(WHAT THE TASK REQUIRES)
Scan the material and copy every line in which "hidden" appears.

(LISTED ENTRIES)
⟨
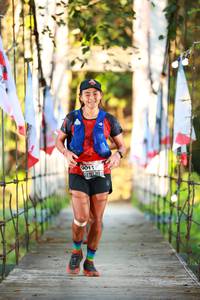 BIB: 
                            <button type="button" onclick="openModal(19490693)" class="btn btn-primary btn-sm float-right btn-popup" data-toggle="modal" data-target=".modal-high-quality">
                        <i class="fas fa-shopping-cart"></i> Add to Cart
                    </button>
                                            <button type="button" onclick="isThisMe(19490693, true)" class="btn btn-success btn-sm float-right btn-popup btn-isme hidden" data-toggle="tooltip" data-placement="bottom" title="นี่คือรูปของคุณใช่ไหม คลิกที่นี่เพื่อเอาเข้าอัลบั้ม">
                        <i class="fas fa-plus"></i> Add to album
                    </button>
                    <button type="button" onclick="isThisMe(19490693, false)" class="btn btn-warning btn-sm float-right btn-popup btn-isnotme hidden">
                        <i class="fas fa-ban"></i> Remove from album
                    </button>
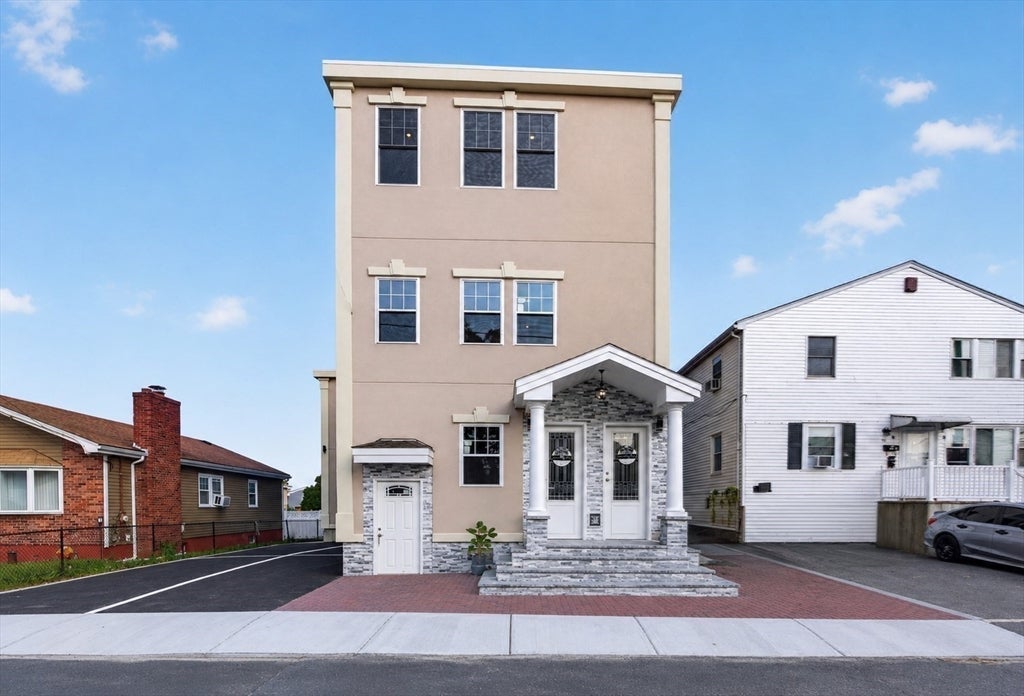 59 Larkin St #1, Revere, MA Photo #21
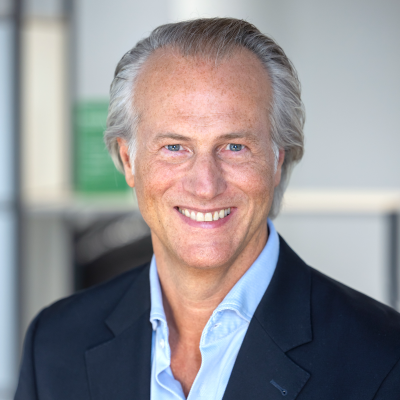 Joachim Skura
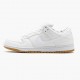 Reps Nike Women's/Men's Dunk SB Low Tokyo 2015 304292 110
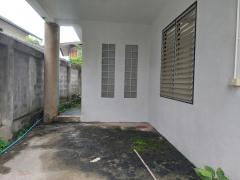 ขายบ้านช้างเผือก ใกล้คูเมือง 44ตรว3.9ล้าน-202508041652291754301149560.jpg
⟩
(PROBLEM SOLUTION)
                                            <button type="button" onclick="isThisMe(19490693, true)" class="btn btn-success btn-sm float-right btn-popup btn-isme hidden" data-toggle="tooltip" data-placement="bottom" title="นี่คือรูปของคุณใช่ไหม คลิกที่นี่เพื่อเอาเข้าอัลบั้ม">
                    <button type="button" onclick="isThisMe(19490693, false)" class="btn btn-warning btn-sm float-right btn-popup btn-isnotme hidden">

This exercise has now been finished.